> **What to produce**:
Take the entries that follow and return exactly the lines from the one holding "Wiha 27802K Отвертка" through the one holding "Benetton B189 Ford", both included. Nothing else is needed.

> **Supplied entries**:
/---
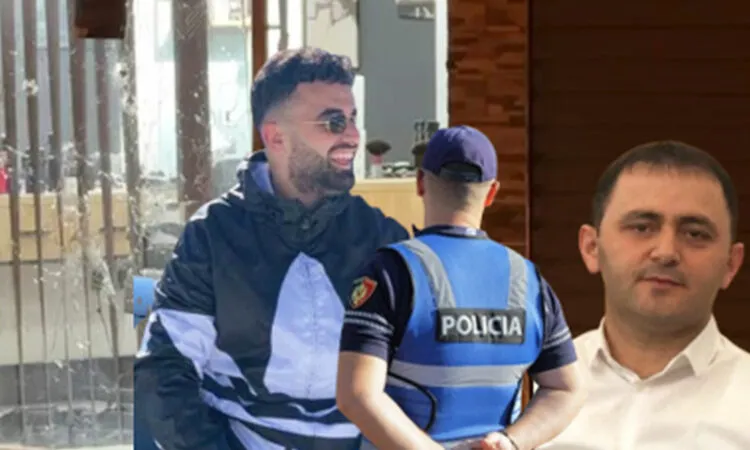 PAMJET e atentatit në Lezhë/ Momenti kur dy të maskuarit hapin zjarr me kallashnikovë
\---
/---
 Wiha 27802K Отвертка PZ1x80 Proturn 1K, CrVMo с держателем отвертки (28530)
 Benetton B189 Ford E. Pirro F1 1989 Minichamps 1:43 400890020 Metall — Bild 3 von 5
\---
/---
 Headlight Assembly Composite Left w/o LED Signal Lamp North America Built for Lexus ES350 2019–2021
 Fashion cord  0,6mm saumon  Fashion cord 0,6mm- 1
\---
> **Exercise result**:
 Wiha 27802K Отвертка PZ1x80 Proturn 1K, CrVMo с держателем отвертки (28530)
 Benetton B189 Ford E. Pirro F1 1989 Minichamps 1:43 400890020 Metall — Bild 3 von 5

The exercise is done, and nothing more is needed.